With the mood swings, he moved to the Quad Cities to be closer to his family.
Donahue said he attempted suicide multiple times and the last attempt found him in trouble with the law.
With no criminal history, it opened the door to another, providing him with a court to address his mental illness and get the help he needed.
Keith Donahue said, “In the last three years, I’ve had nine hospital stays, with over 30 suicide attempts.”
Now, life looks a lot different for Keith Donahue, saying he hasn’t had the bipolar episodes that had him thinking of taking his life or sending him in the hospital.
“This program has saved my life,” said Donahue.
The program is the Scott County Mental Health Court, getting him the help and resources Donahue said he was missing previously in his care and having trouble accessing.
Donahue said, “Get you tied in with therapy, psychiatry and they just help you with basically everything you need.”
Donahue said because of the service, it’s also helped him get his own place to live again.
But he added, even the other clients play a significant role in his treatment, as they meet every week to work on moving forward.
Donahue said, “Practice those coping skills, and we put them into real-life situations, and it brings it together where you don’t necessarily feel alone.”
Donahue said the program even provided support for his family, including his sister who served as a caregiver.
With the progress he’s making, Donahue wants people to know the value of this program including saving taxpayer dollars by keeping him and others out of jail.
Donahue said, “One of my medications is over $1,000 a month.
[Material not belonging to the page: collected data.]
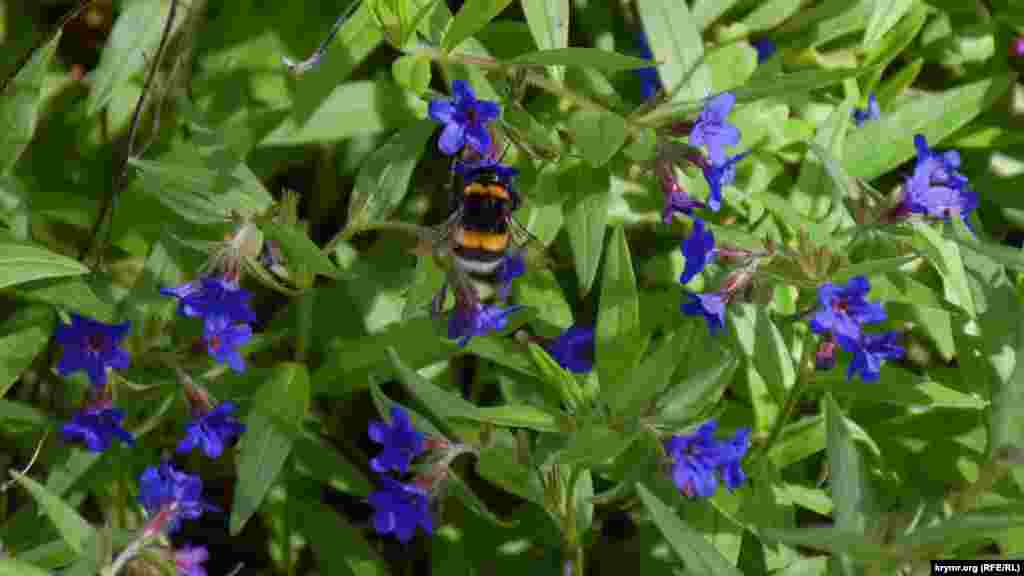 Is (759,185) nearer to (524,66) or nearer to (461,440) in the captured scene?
(524,66)

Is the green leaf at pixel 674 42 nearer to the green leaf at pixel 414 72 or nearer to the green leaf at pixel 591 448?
the green leaf at pixel 414 72

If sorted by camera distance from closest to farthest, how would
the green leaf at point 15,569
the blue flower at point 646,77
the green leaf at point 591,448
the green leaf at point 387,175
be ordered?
1. the green leaf at point 15,569
2. the green leaf at point 591,448
3. the green leaf at point 387,175
4. the blue flower at point 646,77

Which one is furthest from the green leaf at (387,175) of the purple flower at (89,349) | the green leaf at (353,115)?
the purple flower at (89,349)

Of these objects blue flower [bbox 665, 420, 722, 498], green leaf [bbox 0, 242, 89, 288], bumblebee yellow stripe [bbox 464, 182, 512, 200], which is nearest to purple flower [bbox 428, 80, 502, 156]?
bumblebee yellow stripe [bbox 464, 182, 512, 200]

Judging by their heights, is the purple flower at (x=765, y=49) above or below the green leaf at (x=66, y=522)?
above

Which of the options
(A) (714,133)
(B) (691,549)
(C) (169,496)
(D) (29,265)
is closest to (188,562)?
(C) (169,496)

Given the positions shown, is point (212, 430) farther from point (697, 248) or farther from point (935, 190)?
point (935, 190)

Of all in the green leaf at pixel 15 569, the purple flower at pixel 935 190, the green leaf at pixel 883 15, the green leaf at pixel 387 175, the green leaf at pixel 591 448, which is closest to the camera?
the green leaf at pixel 15 569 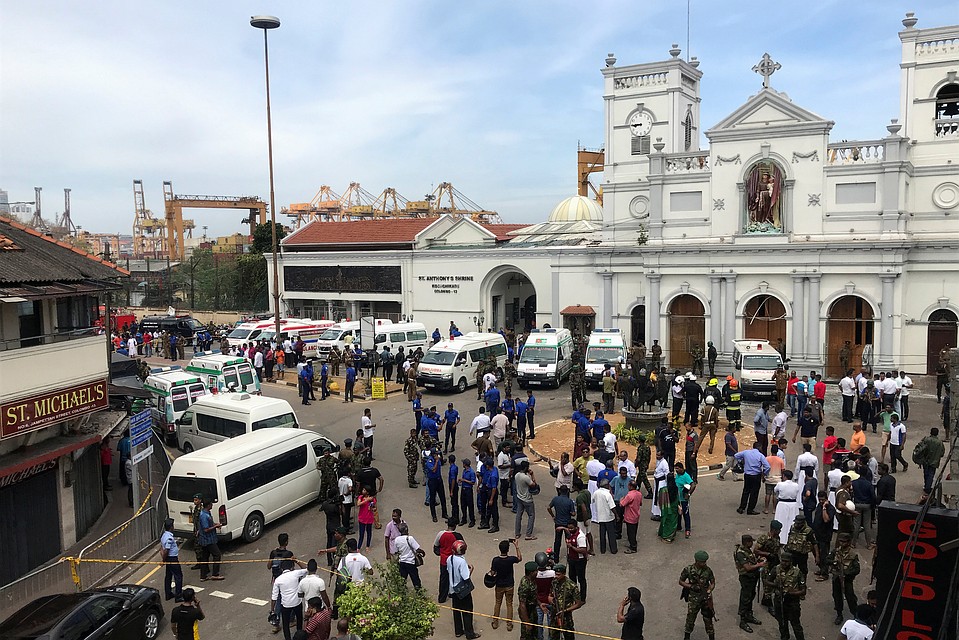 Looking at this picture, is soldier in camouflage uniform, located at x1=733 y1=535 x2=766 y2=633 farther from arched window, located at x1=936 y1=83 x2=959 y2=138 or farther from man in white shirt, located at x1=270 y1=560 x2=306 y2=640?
arched window, located at x1=936 y1=83 x2=959 y2=138

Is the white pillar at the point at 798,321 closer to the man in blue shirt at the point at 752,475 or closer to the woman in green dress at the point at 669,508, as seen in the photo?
the man in blue shirt at the point at 752,475

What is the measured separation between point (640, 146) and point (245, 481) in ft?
90.4

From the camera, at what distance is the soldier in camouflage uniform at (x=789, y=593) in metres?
10.1

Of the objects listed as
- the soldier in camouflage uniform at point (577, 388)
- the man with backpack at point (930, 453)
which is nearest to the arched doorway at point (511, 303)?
the soldier in camouflage uniform at point (577, 388)

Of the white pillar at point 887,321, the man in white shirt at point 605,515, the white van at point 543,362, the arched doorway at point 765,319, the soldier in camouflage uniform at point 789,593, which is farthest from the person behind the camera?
the arched doorway at point 765,319

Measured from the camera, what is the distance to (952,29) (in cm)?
2966

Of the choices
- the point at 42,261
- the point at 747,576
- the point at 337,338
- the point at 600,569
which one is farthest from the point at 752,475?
the point at 337,338

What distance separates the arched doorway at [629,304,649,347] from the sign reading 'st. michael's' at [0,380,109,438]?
2516 cm

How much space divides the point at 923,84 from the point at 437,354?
22292 millimetres

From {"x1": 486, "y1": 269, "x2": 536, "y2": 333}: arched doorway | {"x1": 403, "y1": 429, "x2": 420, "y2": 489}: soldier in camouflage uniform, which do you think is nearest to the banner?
{"x1": 403, "y1": 429, "x2": 420, "y2": 489}: soldier in camouflage uniform

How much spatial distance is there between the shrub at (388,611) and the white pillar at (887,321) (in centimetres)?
2632

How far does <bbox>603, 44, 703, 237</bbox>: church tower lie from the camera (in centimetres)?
3581

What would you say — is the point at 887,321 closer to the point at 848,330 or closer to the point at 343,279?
the point at 848,330

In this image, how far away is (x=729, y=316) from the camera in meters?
33.1
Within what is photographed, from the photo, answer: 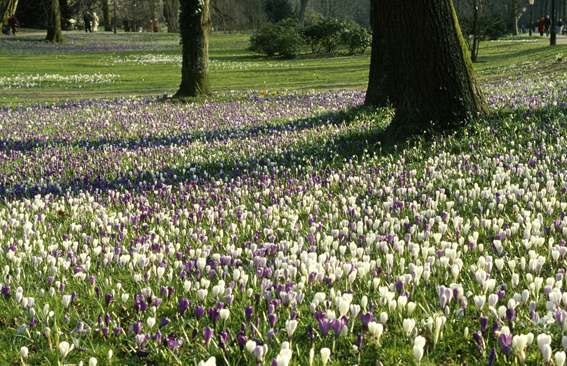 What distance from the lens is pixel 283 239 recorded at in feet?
15.3

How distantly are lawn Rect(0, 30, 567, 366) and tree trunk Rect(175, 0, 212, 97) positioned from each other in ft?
12.5

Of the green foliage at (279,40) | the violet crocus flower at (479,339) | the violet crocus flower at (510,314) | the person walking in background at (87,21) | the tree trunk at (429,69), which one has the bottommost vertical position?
the violet crocus flower at (479,339)

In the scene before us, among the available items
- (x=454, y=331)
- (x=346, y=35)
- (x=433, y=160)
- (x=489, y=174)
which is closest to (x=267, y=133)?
(x=433, y=160)

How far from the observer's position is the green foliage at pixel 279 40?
137 ft

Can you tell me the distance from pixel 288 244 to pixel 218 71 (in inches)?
1184

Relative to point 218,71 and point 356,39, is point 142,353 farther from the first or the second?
point 356,39

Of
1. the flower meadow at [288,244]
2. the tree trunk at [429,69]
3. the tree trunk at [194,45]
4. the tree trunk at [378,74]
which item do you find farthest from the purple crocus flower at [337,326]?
the tree trunk at [194,45]

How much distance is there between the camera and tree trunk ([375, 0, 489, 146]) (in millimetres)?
7984

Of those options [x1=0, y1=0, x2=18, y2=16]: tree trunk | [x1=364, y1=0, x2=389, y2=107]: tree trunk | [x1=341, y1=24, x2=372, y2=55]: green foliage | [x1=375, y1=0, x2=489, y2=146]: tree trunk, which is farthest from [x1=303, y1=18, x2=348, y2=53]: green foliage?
[x1=375, y1=0, x2=489, y2=146]: tree trunk

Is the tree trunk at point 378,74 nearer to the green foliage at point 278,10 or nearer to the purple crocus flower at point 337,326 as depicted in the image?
the purple crocus flower at point 337,326

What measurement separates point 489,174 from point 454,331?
3766mm

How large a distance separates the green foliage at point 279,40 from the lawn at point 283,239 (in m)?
29.0

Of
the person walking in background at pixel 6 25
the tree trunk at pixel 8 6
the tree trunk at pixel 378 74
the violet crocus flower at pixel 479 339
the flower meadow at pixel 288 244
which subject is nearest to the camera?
the violet crocus flower at pixel 479 339

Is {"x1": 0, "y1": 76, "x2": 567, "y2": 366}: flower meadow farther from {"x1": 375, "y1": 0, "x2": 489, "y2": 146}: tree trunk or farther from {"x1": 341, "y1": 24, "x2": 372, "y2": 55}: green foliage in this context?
{"x1": 341, "y1": 24, "x2": 372, "y2": 55}: green foliage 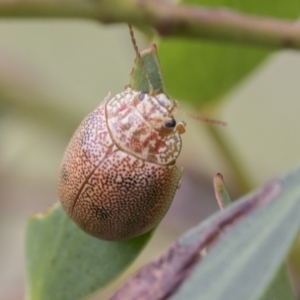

If I was in jail, they would have to be paying for that.”
A progress report provided by the Mental Health Court says in the first year and a half, it’s avoided about $300,000 in costs to the county.
That’s why Donahue said he’s been reaching out to lawmakers, sharing his story to help get state funding and support to advance mental health court services.
Donahue “I see that there’s someone good on the inside and it’s life-changing.”
Donahue said he’s now waiting to hear back on his application to move to the next phase of the program.
The Mental Health Court program includes four phases, and for most of the clients, they have to be in the program for a minimum of two years before they’re eligible to graduate.
The Mental Health Court has been funded primarily through Genesis Philanthropy.
The Care Coordinator told Local Four News for their third year, they were awarded three additional grants. Those include North Scott Rotary, a JAG grant through the Governor Office of Drug Control Policy and Eastern Iowa MHDS Region.
The main cost is the contract with Transitions Mental Health Services that provides administrative services for the program
Court and probation staff have also been donating their time to make this service available.
Rock Island County has also operated a Mental Health Court since 2007.